━━ Data for this task ━━
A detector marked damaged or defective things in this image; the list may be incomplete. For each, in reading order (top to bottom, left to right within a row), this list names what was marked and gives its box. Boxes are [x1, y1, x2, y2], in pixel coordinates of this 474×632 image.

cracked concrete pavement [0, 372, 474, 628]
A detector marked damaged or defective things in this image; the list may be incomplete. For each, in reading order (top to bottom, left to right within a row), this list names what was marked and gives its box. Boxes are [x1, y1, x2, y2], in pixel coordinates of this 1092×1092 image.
━━━
━━ Data for this task ━━
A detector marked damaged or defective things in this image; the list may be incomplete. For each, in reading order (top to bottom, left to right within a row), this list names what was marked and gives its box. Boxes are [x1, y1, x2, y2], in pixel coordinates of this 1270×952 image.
━━━
━━ Data for this task ━━
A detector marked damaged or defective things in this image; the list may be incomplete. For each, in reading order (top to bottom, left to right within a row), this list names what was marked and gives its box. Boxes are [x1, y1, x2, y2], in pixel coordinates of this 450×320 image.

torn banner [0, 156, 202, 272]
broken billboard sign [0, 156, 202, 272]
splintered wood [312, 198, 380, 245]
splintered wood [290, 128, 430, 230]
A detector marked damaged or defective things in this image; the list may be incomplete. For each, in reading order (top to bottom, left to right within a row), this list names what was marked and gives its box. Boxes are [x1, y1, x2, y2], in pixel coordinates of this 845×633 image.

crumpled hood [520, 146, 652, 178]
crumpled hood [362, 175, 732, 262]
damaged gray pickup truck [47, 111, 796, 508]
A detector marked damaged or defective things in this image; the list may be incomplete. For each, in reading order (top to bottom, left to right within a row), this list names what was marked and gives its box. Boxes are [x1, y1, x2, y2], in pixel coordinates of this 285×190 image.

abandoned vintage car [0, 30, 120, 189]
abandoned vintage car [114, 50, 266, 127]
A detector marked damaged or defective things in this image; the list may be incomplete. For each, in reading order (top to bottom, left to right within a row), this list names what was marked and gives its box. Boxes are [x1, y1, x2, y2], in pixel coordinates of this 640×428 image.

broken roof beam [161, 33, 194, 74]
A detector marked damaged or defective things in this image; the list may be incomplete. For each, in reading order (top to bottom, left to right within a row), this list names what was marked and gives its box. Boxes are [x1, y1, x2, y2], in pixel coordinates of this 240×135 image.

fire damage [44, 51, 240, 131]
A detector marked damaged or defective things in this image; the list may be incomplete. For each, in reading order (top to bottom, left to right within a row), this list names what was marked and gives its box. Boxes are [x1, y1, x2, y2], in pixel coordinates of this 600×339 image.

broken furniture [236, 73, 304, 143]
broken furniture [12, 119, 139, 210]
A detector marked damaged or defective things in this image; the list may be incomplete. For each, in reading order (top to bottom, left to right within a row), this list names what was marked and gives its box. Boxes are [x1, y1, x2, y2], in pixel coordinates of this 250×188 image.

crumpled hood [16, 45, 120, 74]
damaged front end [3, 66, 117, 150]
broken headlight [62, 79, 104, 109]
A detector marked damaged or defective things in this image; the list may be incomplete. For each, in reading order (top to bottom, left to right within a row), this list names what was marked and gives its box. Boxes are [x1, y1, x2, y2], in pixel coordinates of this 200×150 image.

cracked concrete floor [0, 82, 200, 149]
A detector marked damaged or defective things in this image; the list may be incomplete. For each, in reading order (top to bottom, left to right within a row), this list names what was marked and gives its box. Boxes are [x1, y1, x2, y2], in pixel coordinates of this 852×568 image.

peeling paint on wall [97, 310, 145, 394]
━━━
→ Exercise instructions
From the entries above, print the lines beginning at the one with "this 474×632 image." and stopping after the one with "this 1092×1092 image.", exactly as written and with nothing else.

→ Task result
A detector marked damaged or defective things in this image; the list may be incomplete. For each, in reading order (top to bottom, left to right within a row), this list names what was marked and gives its box. Boxes are [x1, y1, x2, y2], in pixel coordinates of this 474×632 image.

cracked concrete pavement [0, 372, 474, 628]
A detector marked damaged or defective things in this image; the list may be incomplete. For each, in reading order (top to bottom, left to right within a row), this list names what was marked and gives its box. Boxes are [x1, y1, x2, y2], in pixel coordinates of this 1092×1092 image.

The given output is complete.